%%

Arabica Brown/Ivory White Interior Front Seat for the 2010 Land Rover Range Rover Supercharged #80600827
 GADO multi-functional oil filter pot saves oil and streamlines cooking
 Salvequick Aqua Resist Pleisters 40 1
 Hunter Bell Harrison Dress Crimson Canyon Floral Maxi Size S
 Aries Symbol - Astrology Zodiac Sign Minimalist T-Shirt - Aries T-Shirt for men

%%

EXERCISE → Verbatim reproduction is required for the line holding "Hunter Bell Harrison" and for every line after it in the records, with no other line included.

SOLUTION →
 Hunter Bell Harrison Dress Crimson Canyon Floral Maxi Size S
 Aries Symbol - Astrology Zodiac Sign Minimalist T-Shirt - Aries T-Shirt for men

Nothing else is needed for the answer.